According to Lynch, one of the film's themes is, 'finding love in Hell'. He has stated: 'For me, it's just a compilation of ideas that come along. The darker ones and the lighter ones, the humorous ones, all working together. You try to be as true as you can to those ideas and try to get them on film.' [10] The film has been compared to Lynch's previous Blue Velvet, with both said to explore the dark side of the United States. [19]
There are various references to The Wizard of Oz, which has been interpreted as indicative of the overall fantasy world of the movie, which Sailor's obsession with the fantasies of Elvis and the couple's fantastical relationship also speak to. [19] The movie also depicted a previously unseen level of violence. [19] Lynch himself commented on interviews that the book on which the film was based was "exactly the right thing at the right time" and that "Each year we give permission for people to get away with more". [19]

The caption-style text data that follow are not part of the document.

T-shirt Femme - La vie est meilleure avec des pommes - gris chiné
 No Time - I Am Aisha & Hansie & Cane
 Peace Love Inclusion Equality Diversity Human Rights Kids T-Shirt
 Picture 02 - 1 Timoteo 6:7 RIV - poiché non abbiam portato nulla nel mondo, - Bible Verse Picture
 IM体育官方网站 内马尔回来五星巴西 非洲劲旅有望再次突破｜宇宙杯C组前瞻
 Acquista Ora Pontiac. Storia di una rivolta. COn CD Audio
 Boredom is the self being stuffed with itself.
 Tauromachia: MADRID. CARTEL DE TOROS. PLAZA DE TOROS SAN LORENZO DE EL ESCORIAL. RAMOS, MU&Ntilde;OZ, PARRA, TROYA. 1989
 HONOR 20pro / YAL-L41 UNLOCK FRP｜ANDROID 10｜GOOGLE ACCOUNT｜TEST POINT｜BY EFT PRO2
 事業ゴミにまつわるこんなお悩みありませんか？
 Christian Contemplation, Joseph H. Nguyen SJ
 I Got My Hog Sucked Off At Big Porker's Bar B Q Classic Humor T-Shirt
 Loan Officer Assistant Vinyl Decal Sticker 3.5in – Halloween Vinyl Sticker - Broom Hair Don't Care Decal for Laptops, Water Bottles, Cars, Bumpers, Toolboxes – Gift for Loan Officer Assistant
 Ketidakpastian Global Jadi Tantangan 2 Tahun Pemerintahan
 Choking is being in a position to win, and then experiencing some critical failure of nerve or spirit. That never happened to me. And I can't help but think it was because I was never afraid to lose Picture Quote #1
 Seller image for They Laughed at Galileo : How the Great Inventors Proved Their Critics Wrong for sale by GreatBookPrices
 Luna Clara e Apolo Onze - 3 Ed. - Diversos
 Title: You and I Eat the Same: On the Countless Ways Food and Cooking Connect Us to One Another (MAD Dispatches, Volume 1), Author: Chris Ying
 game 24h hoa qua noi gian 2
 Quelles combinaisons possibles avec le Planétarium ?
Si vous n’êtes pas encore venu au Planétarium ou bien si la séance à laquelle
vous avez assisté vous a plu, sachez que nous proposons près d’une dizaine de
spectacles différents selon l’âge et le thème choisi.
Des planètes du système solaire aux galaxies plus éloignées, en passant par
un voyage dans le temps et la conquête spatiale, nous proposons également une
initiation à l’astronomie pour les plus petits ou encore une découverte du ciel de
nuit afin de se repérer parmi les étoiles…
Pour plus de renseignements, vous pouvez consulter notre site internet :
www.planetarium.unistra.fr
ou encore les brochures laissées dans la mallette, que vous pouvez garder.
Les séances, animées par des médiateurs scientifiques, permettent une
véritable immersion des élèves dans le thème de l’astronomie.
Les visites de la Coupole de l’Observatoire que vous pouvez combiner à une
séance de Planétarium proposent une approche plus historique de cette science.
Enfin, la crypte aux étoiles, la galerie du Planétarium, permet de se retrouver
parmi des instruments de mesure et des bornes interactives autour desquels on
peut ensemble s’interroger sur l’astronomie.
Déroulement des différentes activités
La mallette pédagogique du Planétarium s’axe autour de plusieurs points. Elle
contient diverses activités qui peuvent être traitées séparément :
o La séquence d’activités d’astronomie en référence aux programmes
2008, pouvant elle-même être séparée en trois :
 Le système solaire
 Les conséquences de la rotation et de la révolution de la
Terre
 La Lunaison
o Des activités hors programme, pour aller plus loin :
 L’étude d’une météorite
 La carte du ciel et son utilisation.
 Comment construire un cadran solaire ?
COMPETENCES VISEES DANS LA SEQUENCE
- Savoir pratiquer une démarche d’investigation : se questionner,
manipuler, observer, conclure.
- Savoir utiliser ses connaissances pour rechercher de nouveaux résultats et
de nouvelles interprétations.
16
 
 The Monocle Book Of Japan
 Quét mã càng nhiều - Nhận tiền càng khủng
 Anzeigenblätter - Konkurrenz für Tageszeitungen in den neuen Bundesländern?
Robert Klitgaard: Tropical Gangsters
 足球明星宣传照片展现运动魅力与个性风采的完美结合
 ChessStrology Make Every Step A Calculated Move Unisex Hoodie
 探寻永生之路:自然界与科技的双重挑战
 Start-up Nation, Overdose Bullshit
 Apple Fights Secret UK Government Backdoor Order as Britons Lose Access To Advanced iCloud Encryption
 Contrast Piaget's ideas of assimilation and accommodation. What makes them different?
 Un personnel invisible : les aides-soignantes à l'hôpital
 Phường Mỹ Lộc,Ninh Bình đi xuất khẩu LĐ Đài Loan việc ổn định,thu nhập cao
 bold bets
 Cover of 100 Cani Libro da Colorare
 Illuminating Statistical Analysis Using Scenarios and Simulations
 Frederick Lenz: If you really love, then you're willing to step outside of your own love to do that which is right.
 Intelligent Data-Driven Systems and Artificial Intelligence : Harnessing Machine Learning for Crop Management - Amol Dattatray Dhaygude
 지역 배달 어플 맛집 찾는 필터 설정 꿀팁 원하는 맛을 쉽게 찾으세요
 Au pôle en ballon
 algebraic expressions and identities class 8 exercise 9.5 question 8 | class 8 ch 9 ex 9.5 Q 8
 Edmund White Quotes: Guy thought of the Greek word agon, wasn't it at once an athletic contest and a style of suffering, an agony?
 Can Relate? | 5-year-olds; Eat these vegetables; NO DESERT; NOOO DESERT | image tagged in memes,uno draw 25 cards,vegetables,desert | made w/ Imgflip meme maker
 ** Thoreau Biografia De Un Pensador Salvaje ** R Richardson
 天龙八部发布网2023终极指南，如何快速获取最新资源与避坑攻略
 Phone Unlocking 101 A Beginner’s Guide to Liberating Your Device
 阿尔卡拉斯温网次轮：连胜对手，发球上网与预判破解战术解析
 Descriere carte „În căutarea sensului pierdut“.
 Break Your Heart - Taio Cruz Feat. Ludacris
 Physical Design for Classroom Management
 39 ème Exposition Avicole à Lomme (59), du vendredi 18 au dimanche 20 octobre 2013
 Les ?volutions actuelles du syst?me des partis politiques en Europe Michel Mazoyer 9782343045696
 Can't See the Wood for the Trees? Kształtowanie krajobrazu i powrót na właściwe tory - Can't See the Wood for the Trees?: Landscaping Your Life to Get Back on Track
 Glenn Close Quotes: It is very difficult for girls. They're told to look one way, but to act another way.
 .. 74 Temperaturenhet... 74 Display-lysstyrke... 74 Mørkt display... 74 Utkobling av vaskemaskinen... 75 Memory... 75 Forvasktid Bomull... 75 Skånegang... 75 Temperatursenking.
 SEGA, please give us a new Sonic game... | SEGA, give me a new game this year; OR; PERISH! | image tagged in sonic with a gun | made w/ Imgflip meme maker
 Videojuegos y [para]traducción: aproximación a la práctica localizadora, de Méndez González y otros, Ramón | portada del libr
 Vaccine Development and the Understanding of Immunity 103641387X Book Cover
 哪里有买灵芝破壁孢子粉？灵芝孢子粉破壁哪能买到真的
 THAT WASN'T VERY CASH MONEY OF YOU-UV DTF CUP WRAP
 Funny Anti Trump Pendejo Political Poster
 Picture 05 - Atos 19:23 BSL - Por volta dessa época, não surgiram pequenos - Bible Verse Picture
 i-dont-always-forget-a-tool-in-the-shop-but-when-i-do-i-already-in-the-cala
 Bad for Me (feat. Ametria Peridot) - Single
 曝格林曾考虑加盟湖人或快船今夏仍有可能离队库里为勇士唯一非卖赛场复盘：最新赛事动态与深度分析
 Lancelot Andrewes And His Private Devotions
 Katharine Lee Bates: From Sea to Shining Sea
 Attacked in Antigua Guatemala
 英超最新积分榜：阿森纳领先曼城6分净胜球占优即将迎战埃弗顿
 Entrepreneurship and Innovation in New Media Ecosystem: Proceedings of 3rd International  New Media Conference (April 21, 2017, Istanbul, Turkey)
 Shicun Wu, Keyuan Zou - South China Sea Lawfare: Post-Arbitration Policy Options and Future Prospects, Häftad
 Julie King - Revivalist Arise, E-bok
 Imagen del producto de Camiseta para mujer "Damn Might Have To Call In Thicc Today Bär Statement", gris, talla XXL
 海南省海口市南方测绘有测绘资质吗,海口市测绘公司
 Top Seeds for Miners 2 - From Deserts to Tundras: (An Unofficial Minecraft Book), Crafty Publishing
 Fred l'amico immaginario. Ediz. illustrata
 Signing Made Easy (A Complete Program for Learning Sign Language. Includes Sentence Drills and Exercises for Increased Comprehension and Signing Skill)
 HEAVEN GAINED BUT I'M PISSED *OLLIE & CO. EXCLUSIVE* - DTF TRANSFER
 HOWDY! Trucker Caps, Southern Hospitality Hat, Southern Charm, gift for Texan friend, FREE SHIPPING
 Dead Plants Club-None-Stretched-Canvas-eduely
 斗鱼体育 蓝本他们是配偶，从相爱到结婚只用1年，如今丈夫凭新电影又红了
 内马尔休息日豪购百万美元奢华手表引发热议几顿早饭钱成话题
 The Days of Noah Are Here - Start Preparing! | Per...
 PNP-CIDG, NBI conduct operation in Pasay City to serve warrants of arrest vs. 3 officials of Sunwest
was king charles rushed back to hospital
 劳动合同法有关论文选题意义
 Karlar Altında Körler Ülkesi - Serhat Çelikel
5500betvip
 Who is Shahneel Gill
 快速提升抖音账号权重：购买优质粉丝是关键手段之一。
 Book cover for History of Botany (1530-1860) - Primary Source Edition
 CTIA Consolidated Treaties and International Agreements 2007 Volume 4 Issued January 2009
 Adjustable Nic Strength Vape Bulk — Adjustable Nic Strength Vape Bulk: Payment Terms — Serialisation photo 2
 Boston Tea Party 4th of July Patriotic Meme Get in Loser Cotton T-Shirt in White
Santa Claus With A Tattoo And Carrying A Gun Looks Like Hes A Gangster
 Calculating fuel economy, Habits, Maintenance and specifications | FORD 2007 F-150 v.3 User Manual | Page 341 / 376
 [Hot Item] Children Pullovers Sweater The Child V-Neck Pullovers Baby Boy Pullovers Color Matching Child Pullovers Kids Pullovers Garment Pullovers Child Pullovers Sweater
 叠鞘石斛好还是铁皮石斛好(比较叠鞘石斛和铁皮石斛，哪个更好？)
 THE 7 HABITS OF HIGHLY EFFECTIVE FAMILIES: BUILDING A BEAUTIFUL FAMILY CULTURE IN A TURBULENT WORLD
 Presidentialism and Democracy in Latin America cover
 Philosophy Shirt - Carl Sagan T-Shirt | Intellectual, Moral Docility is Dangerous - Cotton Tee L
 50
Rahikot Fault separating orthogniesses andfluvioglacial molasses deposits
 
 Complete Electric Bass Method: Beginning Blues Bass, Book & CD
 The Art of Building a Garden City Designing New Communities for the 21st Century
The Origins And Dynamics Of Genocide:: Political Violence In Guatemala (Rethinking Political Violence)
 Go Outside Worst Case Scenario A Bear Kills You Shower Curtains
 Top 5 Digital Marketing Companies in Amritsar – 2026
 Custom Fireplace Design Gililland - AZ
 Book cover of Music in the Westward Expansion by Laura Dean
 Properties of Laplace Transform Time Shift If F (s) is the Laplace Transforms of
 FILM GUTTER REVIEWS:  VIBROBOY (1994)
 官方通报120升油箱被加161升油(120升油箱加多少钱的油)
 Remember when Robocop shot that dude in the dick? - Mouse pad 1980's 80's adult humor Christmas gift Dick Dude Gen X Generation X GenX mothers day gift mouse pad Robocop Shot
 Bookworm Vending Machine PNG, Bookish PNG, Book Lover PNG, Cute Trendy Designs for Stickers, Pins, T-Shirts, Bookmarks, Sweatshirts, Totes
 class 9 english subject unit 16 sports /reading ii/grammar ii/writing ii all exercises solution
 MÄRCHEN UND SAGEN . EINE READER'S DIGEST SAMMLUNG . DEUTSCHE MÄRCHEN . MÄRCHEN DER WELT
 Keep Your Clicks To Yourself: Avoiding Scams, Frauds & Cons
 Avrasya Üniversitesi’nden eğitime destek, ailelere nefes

Some critics have postulated that, similar to Blue Velvet, the sudden idealistic ending of perfect happiness is ironic, suggesting that people who have the potential for violence struggle to find true happiness. [20] However, Lynch himself refers to the ending of Wild at Heart as being 'happy', having consciously made the decision to change the original darker ending from the novel. [11]
Early test screenings for Wild at Heart did not go well, with the strong violence in some scenes being too much. At the first test screening, 80 people walked out during a graphic torture scene involving Johnnie Farragut. [15] Lynch decided not to cut anything from the film, and at the second screening, 100 walked out during this scene. Lynch remembers: 'By then, I knew the scene was killing the film. So I cut it to the degree that it was powerful but didn't send people running from the theatre.' [15] In retrospect, he said: 'But that was part of what Wild at Heart was about: really insane and sick and twisted stuff going on.' [11]
Wild at Heart was completed one day before it debuted at the 1990 Cannes Film Festival in the 2,400-seat Grand Auditorium. After the screening, it received 'wild cheering' from the audience. [21] When Jury President Bernardo Bertolucci announced the film as the winner of the Palme d'Or at the awards ceremony, [5] the jeers almost drowned out the cheers, with film critic Roger Ebert leading the vocal detractors. [21] [22] Gifford remembers that there was a prevailing mood that the media was hoping Lynch would fail. "All kinds of journalists were trying to cause controversy and have me say something like 'This is nothing like the book' or 'He ruined my book'. I think everybody from Time magazine to What's On in London was disappointed when I said 'This is fantastic. This is wonderful. It's like a big, dark, musical comedy'". [11]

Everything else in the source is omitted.